NEAREST | KNN a k-nearest-neighbor method that is based on measures of association between items or users. This method is also called a collaborative filter.
SVD a recommender method that is based on a singular-value decomposition of a user-item-ratings matrix.
ENSEMBLE a collection of other methods that you specify.
ARM a method that performs associative rule mining (ARM).
CLUSTER a cluster-based method that uses item or user profiles. Items or users are clustered. Then the similarity information between items or users for each cluster is computed to make recommendations.
Any method that has not already been defined for the SAS LASR Analytic Server, except for the CLUSTER and ARM methods, is created when a prediction request is processed. For example, suppose that you request a prediction with the k-nearest-neighbor method, and that method has not been added to the recommender system. The SAS LASR Analytic Server creates that method with default parameters and adds the method to the recommender system at that time.
Use the METHOD statement to add a method with explicitly defined parameters if you do not want to use the defaults. You must use the METHOD statement to add either the ARM or CLUSTER method, because those methods cannot be created using default values. For more information, see ARM Statement or CLUSTER Statement.

Optional Arguments

DATAFILTER="expression"

specifies an optional WHERE clause for each method. All of the data is filtered by this WHERE clause.

DETAILS

requests that additional details are provided for the numerically intensive SVD and ensemble methods.

LABEL='string'

specifies a label by which the method can be identified. A label is important if you have multiple instances of a method definition (with different parameter values) in the recommender system.

FCONV=r

specifies a relative function convergence criterion for the numerical optimization in SVD and ensemble methods.

GCONV=r

specifies a relative gradient convergence criterion for the numerical optimization in SVD and ensemble methods.

MAXITER=n

specifies the maximum number of iterations for the numerical optimization in SVD and ensemble methods.

Default 1 (a one-step update)

MAXFEVAL=n

specifies the maximum number of function evaluations for the numerical optimization in SVD and ensemble methods.

SEED=n

specifies the seed for random number generation in SVD and ensemble methods.

SYSTEM=recommender-system

specifies the name of the recommender system in the SAS LASR Analytic Server that the procedure works with. Specify a two-level name, similar to a LIBNAME.MEMBER construct.

To work with an existing recommender system, the name that you specify identifies the application in the SAS LASR Analytic Server. When you create a new recommender system, the specified value becomes the name of that new system.
Alias RECOM=
Default RECOM.SYSTEM

Options for the SLOPEONE Method

HOLD=n

specifies the number of ratings to hold for users that are selected by the WITHHOLD= option. The specified number of ratings are selected at random to be held in a validation data set, which is a subset of the original data set.

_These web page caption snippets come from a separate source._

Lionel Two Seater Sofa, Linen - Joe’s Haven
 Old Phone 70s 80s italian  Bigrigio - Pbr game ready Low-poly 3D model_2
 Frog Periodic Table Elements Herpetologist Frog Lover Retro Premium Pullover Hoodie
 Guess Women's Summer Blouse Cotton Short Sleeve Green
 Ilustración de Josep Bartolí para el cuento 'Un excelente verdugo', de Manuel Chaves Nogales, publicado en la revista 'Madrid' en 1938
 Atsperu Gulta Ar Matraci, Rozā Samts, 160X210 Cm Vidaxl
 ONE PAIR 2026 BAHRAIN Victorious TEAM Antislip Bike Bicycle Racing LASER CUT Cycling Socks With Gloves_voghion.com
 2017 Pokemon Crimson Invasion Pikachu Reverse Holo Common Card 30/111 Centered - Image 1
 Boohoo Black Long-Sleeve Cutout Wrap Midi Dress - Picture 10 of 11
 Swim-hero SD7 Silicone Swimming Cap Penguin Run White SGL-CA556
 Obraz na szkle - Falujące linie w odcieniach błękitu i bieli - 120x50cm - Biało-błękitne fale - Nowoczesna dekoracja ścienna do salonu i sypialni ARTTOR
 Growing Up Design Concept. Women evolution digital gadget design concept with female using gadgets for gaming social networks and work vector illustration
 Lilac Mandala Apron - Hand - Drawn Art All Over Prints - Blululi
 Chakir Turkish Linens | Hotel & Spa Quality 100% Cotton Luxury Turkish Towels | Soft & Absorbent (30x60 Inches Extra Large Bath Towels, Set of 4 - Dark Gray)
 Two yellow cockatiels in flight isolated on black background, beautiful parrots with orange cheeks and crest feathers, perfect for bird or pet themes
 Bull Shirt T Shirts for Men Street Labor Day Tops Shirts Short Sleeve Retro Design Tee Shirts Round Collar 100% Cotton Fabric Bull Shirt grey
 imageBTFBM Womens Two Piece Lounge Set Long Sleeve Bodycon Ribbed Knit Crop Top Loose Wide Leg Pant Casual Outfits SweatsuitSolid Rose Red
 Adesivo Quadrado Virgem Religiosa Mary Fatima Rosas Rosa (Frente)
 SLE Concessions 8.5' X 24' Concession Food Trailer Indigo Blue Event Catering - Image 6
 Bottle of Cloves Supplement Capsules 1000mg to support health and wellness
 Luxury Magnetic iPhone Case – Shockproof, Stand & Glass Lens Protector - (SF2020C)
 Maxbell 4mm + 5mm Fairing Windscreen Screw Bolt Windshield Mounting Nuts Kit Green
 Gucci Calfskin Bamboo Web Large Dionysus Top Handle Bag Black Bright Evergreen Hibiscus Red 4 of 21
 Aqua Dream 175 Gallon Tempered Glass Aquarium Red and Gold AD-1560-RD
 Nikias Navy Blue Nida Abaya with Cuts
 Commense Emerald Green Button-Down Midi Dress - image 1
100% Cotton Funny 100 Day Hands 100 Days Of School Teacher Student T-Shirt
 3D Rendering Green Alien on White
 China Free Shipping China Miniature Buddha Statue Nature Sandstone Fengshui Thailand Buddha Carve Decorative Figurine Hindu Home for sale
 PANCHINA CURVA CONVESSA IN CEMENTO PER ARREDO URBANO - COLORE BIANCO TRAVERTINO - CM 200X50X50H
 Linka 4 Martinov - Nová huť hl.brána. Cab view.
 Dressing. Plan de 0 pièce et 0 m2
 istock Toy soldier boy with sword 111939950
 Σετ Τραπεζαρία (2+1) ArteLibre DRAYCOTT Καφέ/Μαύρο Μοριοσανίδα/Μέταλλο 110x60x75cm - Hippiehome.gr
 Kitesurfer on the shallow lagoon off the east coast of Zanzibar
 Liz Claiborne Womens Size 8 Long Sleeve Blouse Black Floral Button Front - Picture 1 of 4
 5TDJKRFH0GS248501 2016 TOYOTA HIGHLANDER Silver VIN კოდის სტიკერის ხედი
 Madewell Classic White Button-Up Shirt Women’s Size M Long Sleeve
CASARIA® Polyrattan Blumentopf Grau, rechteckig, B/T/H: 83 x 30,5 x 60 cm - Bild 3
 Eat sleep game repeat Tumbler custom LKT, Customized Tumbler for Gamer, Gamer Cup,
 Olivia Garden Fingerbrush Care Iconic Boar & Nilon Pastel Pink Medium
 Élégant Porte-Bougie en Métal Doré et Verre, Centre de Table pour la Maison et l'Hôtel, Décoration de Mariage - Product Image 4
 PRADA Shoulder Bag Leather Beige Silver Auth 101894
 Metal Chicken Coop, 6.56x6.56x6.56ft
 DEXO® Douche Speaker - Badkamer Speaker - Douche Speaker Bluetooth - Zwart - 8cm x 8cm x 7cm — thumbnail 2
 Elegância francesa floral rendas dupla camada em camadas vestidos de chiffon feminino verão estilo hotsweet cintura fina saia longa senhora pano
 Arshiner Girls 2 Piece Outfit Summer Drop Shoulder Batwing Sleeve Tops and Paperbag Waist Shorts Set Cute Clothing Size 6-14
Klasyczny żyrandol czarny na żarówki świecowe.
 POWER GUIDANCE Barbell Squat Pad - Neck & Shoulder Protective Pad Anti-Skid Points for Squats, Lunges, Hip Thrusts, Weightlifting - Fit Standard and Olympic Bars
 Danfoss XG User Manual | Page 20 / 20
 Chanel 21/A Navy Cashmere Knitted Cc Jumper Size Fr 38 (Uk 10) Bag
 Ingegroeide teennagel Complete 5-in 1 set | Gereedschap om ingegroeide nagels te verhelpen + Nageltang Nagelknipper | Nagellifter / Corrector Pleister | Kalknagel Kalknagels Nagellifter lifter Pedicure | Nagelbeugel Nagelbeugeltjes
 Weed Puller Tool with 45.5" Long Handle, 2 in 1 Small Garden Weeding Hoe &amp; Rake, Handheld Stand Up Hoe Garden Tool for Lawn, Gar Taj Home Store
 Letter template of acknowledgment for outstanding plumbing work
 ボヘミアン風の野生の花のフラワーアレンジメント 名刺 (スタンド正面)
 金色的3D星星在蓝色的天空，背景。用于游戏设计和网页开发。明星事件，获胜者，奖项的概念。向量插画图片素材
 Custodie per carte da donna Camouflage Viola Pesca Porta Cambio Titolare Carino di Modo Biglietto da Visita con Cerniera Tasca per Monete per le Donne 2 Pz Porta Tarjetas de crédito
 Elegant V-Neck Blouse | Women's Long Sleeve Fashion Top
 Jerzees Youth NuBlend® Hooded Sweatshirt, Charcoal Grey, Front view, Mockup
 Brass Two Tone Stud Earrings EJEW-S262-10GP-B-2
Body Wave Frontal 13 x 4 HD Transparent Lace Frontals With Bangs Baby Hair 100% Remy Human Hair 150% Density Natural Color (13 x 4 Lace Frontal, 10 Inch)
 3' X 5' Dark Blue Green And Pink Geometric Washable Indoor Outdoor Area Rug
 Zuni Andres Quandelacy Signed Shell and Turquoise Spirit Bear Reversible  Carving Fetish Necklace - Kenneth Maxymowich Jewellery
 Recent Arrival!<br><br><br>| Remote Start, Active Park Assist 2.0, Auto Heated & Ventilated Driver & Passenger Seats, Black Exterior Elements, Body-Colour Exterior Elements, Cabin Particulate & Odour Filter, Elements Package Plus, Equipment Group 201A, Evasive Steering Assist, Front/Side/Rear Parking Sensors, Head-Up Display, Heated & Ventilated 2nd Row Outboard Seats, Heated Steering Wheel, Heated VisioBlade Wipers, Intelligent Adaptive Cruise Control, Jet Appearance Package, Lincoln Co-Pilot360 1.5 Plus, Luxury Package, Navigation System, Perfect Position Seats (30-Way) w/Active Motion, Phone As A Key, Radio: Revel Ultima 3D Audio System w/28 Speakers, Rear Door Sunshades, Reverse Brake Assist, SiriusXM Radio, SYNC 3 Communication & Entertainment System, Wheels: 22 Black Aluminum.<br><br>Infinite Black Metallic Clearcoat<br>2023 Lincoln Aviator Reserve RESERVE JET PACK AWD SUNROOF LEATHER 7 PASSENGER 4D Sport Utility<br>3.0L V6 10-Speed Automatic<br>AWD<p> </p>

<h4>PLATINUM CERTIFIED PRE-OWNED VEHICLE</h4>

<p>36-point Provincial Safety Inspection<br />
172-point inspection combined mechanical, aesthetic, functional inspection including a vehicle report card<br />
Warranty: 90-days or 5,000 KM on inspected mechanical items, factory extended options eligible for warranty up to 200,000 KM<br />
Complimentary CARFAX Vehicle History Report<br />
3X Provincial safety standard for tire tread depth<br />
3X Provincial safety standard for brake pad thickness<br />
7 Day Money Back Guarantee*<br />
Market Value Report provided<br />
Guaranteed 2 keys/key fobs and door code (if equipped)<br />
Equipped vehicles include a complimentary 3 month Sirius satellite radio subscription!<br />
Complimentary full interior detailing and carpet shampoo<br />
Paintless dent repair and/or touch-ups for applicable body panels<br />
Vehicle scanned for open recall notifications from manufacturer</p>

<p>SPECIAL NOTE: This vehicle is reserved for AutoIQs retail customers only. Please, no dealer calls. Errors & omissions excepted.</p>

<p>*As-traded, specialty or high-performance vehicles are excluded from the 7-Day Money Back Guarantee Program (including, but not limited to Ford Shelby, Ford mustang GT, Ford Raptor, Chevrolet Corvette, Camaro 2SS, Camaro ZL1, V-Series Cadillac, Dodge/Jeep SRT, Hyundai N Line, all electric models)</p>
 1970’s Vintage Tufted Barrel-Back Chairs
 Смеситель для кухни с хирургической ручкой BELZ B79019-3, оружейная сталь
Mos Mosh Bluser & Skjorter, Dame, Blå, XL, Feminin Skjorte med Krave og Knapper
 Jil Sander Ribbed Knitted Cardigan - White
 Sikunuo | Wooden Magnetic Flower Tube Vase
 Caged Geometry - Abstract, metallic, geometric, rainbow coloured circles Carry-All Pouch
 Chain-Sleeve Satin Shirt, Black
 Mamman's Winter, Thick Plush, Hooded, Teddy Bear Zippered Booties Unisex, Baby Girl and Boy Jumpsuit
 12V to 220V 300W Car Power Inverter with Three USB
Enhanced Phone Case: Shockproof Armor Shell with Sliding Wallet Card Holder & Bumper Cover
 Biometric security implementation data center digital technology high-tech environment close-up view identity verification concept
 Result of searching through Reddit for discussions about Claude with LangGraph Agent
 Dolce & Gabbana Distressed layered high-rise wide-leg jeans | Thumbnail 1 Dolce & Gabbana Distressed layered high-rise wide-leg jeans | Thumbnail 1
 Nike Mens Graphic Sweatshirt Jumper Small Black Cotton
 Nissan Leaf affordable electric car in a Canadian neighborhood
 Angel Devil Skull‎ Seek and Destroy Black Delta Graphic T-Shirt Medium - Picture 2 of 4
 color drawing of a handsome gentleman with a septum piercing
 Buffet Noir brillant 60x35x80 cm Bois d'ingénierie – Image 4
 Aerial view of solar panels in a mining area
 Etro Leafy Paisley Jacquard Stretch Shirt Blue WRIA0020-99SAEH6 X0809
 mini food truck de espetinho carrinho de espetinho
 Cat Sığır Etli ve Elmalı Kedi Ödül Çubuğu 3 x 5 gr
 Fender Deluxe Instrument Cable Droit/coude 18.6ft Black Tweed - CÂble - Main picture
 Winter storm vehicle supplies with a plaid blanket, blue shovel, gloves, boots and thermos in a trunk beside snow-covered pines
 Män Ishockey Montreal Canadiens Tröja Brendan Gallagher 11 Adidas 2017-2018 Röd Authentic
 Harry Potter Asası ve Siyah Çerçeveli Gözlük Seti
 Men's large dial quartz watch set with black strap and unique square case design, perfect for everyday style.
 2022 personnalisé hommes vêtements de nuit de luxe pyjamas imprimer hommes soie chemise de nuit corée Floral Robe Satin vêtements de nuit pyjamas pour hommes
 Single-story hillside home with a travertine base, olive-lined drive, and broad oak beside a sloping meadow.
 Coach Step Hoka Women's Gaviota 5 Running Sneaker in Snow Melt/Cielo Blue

Typically, you specify a positive number for the HOLD= option. However, you can specify a negative number, which indicates that all ratings should be held in the validation data set except for the specified number of ratings. For example, HOLD=–2 means that all ratings but two should be held in the validation data set.
Default 1
Interaction The HOLD= option is ignored if the WITHHOLD= option is not also specified.

WITHHOLD=r

specifies a relative percentage of users whose ratings are included in a validation data set, which is a subset of the original data set. For example, WITHHOLD=0.1 indicates that 10% of users should be selected at random. A portion of the selected users’ ratings are held in the validation data set. The number of ratings to select is specified by the HOLD= option.

Range 0–1, exclusive

Options for the KNN Method

HOLD=n

specifies the number of ratings to hold for users that are selected by the WITHHOLD= option. The specified number of ratings are selected at random to be held in a validation data set, which is a subset of the original data set.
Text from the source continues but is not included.